To measure the radiation pattern, the horn antenna was positioned 15cm away from the chip and the amplitude at each angle was recorded while rotating the horn antenna. Depending on the plane in which the horn antenna is swept, samples of the entire 3D pattern can be captured (Fig. 6.16). The two transmitters connected to the same antenna shows orthogonal end-fire radiation patterns, as expected. The nulling is not as deep as the simulation results because the signal level in this direction is hitting the noise floor of the sampling scope. On the other hand, when sweeping orthogonal to the PCB board, the radiation pattern shows a null or full coverage depending on whether it is in the feed direction or not, matching with our antenna simulation pattern. The receiver antenna pattern (Fig. 6.16) also demonstrates the desired antenna characteristics. Notice that the in-plane radiation pattern of the transmitter and receiver are quite different; this is due to the fact that the transmitters are connected to the antenna with a 45° rotation from the receivers.

6.4 Summary

In this chapter, the design of efficient on-chip antennas is discussed. A slot-loop antenna was chosen in this design because its intrinsic ground plane eases the integration with other circuitry. Design procedures for the antenna were shown and 30% efficiency antenna was im-
implemented on a CMOS die. To overcome the limited radiation coverage in end-fire direction, a multi-access antenna structure is proposed to implement antenna diversity using a single antenna. The T/R switch is also eliminated using the same idea. The measurement results confirmed that the antenna efficiency is above 25% while demonstrating the expected full coverage in the end-fire direction.
Chapter 7

Fully Integrated 4-Element Phased-Array

The 4-element transceiver array was fabricated in TSMC’s 65nm CMOS G+ technology to demonstrate our proposed techniques (Fig. 7.1). The antennas are placed in a 2X2 fashion with 1.4mm spacing between them. This spacing is less than $\lambda/2$ and was limited by the total silicon die area.

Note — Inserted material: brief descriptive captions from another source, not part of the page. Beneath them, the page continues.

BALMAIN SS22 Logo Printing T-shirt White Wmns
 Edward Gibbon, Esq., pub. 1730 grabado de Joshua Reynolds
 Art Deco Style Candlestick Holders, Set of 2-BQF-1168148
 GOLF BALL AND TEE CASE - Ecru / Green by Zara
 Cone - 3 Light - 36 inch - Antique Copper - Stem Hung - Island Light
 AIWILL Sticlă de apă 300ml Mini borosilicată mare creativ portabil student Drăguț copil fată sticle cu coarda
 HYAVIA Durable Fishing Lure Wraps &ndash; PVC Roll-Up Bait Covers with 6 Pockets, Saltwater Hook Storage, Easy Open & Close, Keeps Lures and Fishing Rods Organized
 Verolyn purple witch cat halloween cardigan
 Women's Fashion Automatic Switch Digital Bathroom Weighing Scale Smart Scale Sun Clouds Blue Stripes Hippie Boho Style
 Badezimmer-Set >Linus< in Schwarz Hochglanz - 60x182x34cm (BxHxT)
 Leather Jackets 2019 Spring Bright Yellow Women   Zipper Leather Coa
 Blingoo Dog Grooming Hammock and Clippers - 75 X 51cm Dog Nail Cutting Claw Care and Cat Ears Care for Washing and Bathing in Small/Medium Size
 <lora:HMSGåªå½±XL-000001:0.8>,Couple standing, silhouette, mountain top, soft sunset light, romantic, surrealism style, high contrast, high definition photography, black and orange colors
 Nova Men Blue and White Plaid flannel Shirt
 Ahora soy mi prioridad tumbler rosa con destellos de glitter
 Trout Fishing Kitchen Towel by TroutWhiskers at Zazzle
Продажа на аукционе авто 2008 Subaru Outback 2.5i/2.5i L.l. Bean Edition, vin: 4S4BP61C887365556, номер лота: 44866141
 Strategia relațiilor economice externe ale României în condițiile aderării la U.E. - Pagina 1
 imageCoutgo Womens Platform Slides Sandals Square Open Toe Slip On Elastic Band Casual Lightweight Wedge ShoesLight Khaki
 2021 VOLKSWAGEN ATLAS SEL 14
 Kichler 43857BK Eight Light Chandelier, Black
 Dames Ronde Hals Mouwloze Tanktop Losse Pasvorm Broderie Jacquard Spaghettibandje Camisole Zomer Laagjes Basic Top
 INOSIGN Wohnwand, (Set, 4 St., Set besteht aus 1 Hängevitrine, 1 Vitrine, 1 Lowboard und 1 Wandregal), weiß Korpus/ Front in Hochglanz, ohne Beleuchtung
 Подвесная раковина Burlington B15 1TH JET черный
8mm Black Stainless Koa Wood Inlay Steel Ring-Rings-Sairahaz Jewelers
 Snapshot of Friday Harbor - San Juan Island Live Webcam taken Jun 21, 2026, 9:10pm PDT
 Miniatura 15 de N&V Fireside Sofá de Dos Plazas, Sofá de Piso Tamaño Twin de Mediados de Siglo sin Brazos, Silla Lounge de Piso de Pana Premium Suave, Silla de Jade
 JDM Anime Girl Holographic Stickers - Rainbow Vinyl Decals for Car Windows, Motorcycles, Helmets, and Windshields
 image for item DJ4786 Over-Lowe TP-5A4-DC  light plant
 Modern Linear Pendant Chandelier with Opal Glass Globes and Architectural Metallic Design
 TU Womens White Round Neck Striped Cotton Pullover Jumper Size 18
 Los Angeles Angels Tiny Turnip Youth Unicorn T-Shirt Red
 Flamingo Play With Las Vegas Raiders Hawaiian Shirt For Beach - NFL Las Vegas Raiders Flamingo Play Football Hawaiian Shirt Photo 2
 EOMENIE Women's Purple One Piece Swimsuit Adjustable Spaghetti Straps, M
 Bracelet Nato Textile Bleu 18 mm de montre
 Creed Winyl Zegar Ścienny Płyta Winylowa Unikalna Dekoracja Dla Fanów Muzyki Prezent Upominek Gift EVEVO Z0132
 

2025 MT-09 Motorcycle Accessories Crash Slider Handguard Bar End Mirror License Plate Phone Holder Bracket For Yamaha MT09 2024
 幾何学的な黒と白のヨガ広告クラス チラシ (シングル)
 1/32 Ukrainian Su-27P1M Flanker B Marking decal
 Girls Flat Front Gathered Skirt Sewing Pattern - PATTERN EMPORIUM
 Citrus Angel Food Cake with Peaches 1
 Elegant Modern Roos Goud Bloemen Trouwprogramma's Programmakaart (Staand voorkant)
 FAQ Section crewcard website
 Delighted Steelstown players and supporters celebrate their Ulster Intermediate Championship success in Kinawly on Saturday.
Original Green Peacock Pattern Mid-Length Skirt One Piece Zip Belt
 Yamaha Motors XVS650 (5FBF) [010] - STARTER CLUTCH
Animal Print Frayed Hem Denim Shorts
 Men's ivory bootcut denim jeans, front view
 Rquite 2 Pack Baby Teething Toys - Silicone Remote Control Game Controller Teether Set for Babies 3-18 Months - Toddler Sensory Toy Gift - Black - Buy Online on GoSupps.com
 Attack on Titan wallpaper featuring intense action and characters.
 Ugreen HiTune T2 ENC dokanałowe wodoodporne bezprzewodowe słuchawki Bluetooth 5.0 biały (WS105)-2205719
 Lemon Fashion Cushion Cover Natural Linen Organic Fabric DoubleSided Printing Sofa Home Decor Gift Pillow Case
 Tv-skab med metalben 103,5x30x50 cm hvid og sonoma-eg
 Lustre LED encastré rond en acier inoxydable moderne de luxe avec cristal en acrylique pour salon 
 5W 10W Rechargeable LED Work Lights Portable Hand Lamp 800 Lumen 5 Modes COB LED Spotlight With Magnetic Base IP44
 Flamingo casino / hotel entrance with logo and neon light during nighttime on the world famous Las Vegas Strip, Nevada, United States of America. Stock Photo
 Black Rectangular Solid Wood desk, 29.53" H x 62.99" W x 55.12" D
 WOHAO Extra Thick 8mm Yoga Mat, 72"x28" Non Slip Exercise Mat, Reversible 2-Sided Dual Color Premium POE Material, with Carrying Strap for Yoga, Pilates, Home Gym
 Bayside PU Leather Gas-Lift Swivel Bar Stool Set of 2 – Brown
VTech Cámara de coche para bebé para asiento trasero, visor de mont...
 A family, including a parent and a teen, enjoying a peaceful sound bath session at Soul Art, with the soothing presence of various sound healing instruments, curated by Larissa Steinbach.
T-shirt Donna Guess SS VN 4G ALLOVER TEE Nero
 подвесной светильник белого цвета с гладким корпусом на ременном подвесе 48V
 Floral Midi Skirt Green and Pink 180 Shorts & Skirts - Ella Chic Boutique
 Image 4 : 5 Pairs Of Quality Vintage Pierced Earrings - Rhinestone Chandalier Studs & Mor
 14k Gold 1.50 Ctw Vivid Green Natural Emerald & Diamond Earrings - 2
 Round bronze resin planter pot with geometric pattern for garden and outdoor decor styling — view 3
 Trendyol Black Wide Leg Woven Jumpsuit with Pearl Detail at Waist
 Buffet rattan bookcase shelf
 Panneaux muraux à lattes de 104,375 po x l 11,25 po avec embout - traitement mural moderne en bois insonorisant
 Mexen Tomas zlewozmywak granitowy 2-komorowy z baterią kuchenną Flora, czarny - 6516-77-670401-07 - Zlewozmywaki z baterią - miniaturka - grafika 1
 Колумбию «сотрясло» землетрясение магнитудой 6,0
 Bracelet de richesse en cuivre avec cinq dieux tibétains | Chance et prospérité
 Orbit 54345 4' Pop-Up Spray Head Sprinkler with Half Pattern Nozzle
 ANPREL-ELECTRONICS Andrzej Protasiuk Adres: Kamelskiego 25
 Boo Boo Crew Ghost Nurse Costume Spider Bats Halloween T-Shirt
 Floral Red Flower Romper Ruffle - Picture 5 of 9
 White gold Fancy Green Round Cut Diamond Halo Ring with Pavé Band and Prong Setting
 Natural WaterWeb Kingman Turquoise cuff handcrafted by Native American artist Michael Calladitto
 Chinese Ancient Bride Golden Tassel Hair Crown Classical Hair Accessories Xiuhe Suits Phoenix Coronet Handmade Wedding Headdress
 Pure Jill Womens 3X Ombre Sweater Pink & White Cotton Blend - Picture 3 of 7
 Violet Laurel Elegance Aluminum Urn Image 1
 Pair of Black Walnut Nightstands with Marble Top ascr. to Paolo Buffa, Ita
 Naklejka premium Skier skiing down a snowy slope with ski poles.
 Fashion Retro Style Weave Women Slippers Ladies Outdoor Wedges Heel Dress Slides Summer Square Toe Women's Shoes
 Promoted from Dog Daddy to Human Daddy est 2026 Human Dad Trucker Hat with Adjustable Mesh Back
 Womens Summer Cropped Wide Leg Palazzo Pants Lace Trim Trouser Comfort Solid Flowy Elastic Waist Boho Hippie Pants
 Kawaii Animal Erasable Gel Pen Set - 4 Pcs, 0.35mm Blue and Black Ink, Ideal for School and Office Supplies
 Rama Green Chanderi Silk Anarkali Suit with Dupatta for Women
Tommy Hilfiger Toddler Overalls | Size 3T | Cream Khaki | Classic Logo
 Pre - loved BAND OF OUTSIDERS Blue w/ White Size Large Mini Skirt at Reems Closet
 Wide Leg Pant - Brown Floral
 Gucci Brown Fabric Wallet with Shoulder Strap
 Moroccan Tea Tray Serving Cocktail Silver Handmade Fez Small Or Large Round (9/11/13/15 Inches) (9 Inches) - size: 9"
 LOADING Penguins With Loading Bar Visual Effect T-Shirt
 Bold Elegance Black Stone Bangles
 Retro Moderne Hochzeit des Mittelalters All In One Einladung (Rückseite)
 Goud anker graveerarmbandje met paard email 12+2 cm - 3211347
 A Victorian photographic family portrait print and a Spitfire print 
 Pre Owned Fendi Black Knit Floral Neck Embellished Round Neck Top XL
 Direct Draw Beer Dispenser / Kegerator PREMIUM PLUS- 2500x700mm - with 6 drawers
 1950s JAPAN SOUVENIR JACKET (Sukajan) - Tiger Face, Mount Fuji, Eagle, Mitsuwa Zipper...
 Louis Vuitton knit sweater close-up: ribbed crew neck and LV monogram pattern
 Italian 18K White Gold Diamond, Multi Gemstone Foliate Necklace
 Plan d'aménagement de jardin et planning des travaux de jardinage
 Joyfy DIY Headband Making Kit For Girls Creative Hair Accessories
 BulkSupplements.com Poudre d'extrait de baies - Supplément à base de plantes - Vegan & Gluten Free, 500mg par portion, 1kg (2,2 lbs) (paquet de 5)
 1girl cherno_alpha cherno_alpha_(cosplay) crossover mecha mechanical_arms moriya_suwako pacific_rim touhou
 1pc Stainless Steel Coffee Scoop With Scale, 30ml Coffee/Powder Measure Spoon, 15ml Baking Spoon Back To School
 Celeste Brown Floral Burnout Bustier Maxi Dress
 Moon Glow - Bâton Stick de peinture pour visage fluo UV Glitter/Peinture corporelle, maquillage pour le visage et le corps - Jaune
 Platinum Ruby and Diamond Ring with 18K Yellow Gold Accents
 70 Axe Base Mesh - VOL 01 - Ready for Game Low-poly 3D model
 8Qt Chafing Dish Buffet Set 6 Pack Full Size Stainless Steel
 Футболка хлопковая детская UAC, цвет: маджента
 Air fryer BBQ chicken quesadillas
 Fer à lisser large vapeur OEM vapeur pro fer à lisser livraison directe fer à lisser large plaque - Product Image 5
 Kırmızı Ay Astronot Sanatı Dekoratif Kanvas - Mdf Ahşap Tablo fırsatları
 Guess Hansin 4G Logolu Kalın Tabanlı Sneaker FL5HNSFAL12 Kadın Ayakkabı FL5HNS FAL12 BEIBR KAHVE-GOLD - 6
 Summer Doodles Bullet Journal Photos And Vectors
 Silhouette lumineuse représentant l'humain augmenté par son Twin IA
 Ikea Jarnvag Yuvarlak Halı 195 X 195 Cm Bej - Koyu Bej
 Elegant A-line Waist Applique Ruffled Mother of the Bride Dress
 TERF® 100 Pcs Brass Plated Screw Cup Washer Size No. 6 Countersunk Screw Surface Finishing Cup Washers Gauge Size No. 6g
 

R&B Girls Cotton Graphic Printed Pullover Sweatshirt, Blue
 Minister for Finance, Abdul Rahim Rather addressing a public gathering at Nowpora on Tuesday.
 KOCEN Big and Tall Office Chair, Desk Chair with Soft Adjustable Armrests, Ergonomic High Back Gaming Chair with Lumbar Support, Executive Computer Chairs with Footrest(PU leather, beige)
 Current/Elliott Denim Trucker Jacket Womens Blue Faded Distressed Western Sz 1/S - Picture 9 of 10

Figure 7.1: Die photo of complete transceiver.
7.1 Phased-Array Measurement

7.1.1 Transmitter Phased-Array Measurement

Similar to the transmitter antenna pattern measurement mentioned before, the array measurement of the transmitter was performed using an external horn antenna and the 70GHz sampling scope.

To achieve the optimum phase settings, the horn antenna was placed at the desired direction and only one transmitter was turned on. The second transmitter was then turned on and its phase setting was swept to maximize the signal amplitude acquired on the scope. Similar procedures were taken for the third and then the last transmitter, resulting in maximum EIRP in the desired direction.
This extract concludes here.